### Your goal
Pictures are to be left out, and the rest of the records reproduced exactly.

Stored records
○ ○ ○ ○

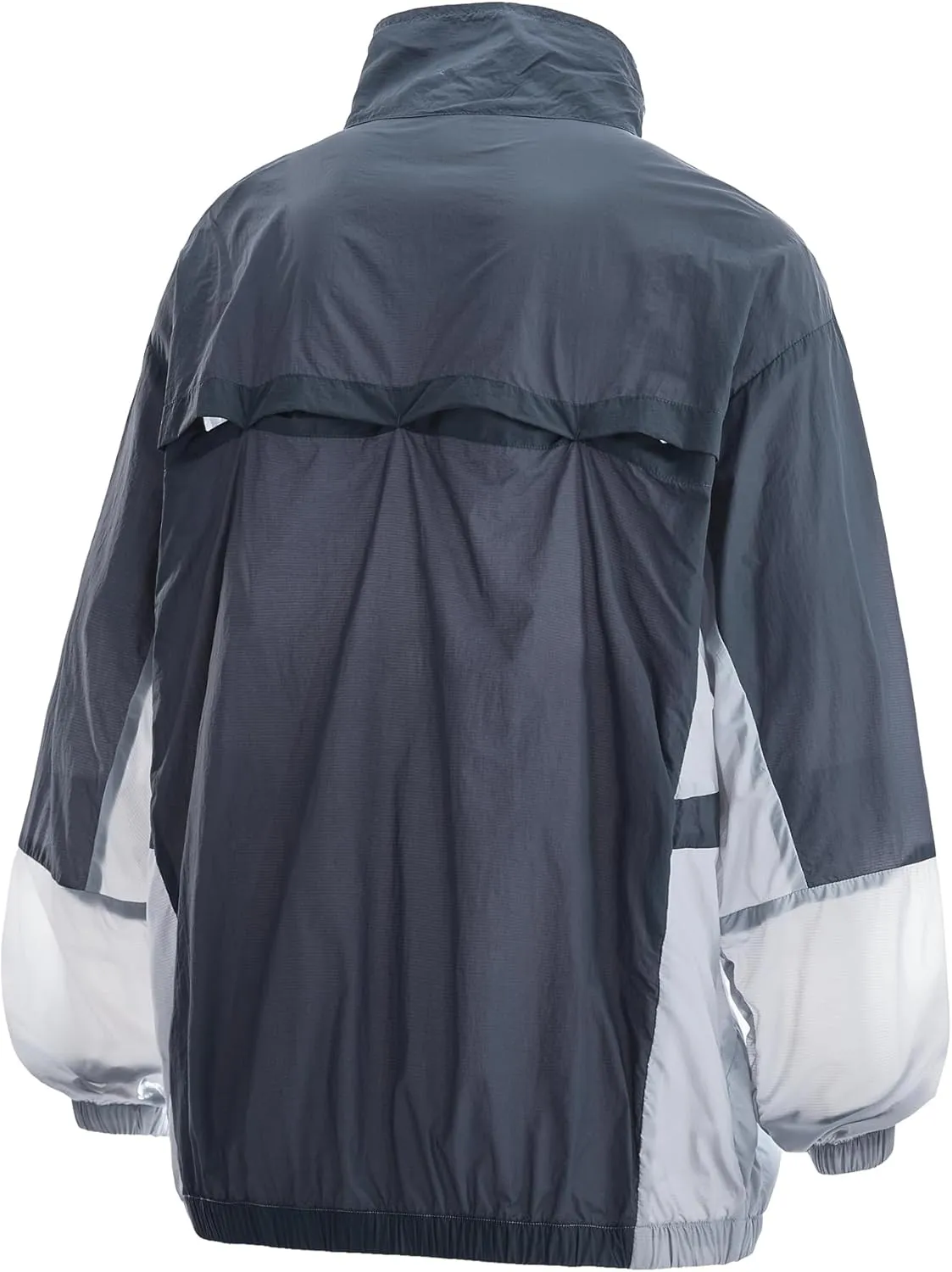 Cromoncent Men's UPF 50  Sun Protection Jacket Ultra Light Thin Breathable Packable Outdoor Cycling Jackets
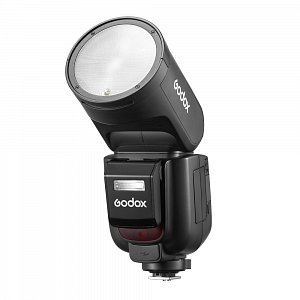 Godox V1Pro F pre Fujifilm TTL HSS blesk s kruhovou hlavou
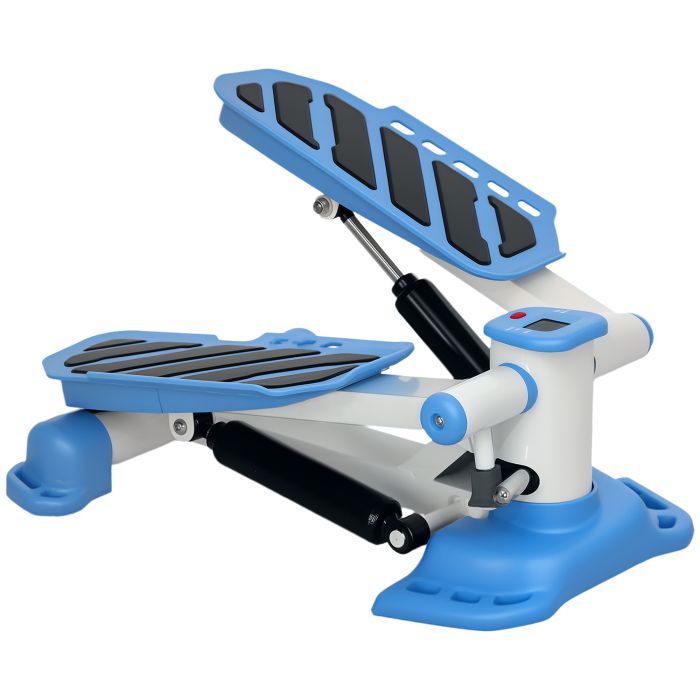 HERON Portable Mini Stepper Steppers for Exercise Blue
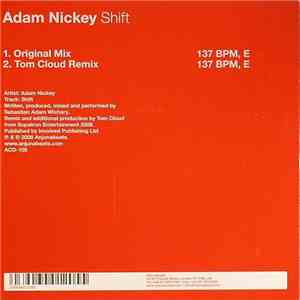 Adam Nickey - Shift album flac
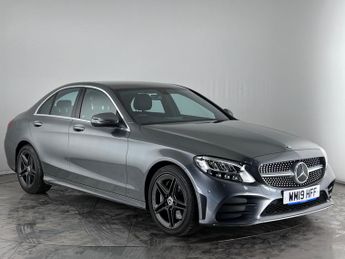 Mercedes C Class 2.0 C300 AMG Line G-Tronic+ Euro 6 (s/s) 4dr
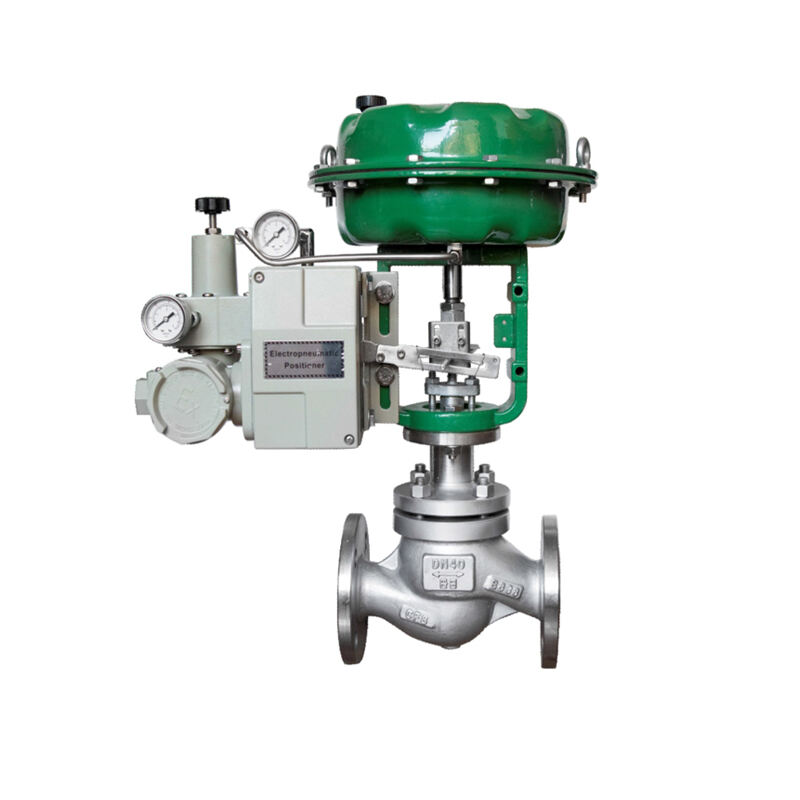 Excelentă Etanșeitate a Valvei de Control Pneumatice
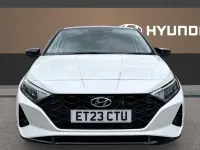 Used Hyundai i20 Ultimate 101 HP (74 kW) 2023 White Hatchback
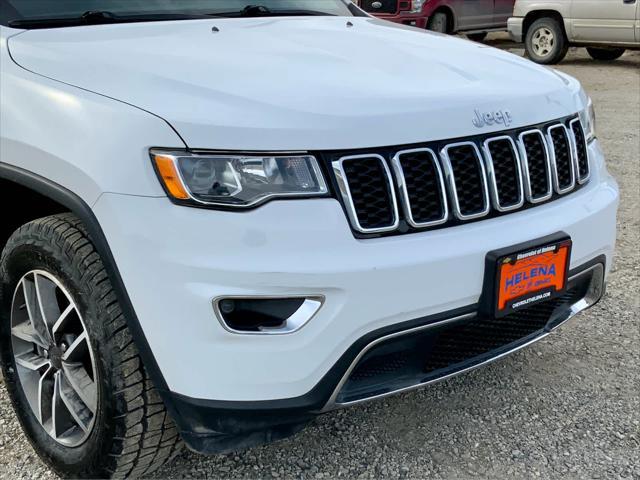 used 2021 Jeep Grand Cherokee car, priced at $26,900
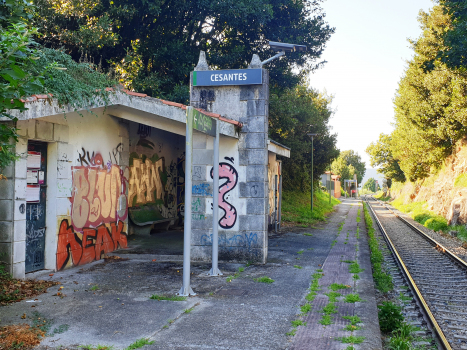 Bahnhof Cesantes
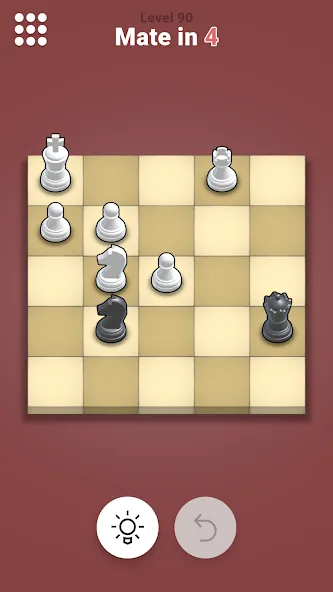 Скачать взлом Pocket Chess – Chess Puzzles [MOD: решены все шахматные головоломки] — скриншот 4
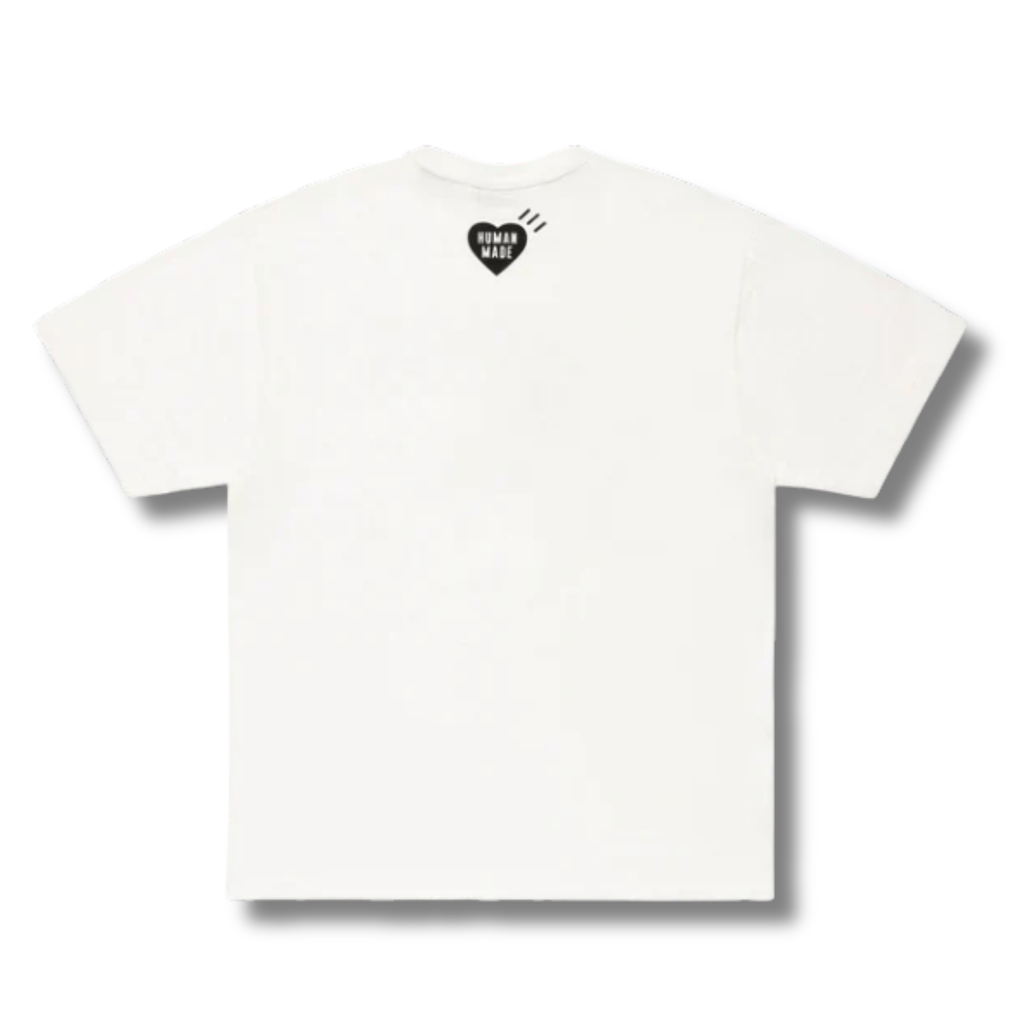 HUMAN MADE TIGER HEART GRAPHIC TEE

○ ○ ○ ○

### Answer area
 Cromoncent Men's UPF 50  Sun Protection Jacket Ultra Light Thin Breathable Packable Outdoor Cycling Jackets
 Godox V1Pro F pre Fujifilm TTL HSS blesk s kruhovou hlavou
 HERON Portable Mini Stepper Steppers for Exercise Blue
 Adam Nickey - Shift album flac
 Mercedes C Class 2.0 C300 AMG Line G-Tronic+ Euro 6 (s/s) 4dr
 Excelentă Etanșeitate a Valvei de Control Pneumatice
 Used Hyundai i20 Ultimate 101 HP (74 kW) 2023 White Hatchback
 used 2021 Jeep Grand Cherokee car, priced at $26,900
 Bahnhof Cesantes
 Скачать взлом Pocket Chess – Chess Puzzles [MOD: решены все шахматные головоломки] — скриншот 4
 HUMAN MADE TIGER HEART GRAPHIC TEE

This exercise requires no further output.